The U.S. Department of Justice (DOJ) has scheduled the execution of a 2007 murder convict who will be the first woman to be put to death by the federal government in almost seven decades.
Lisa Montgomery was sentenced to death in 2007 at the U.S. District Court for the Western District of Missouri for kidnapping resulting in death. Her death sentence came after a jury found her guilty of strangulating an eight months pregnant Missouri woman to death before cutting open her womb and abducting the baby in 2004. She is expected to receive a lethal injection on Dec. 4 at the U.S. Penitentiary Terre Haute, Ind., the DOJ said in a statement. The DOJ has also scheduled on Dec. 10 the execution of Brandon Bernard who was found guilty of murdering two youth ministers in 1999, according to the statement. Bernard will also receive a lethal injection.

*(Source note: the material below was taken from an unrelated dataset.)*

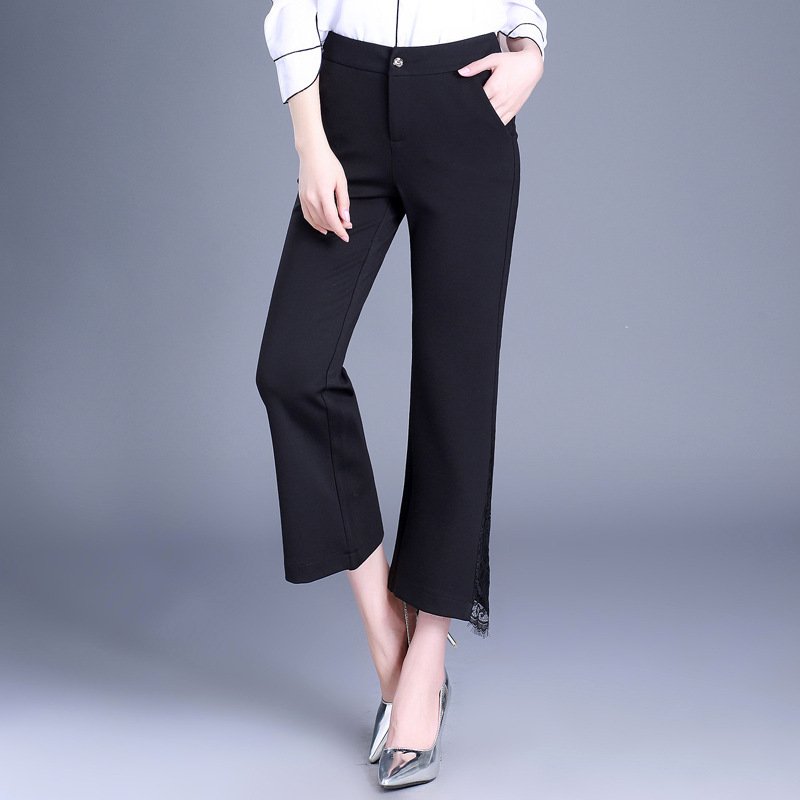 珂依舍2017秋装新款2017秋季阔腿裤修身韩版显瘦高腰女裤八分裤大码喇叭裤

The last woman to face capital punishment was Bonnie Heady on Dec. 18, 1953, according to the U.S. Bureau of Prisons. Heady, who was convicted of kidnapping and killing the 6-year-old son of automobile tycoon Robert Green lease in Missouri, was executed in a gas chamber. Montgomery will be the eighth federal prisoner to be executed this year after the Supreme Court ordered the resumption of the federal death penalty in July 2019, ending a federal moratorium on executions that had been in effect since 2003. The first federal prisoner to be put to death after the hiatus was Daniel Lewis Lee, a member of a white supremacist group who was convicted of killing a family of three, including an eight-year-old girl. Lethal injection as a punishment was made legal in the U.S. in 1977 as an alternative to hanging. Until 2009, most states have used a three-drug combination in lethal injections, but eight states have later resorted to a new single-drug lethal injection method in the wake of a nationwide drug shortage which occurred after death penalty opponents run a global campaign, cutting off the supplies of drugs.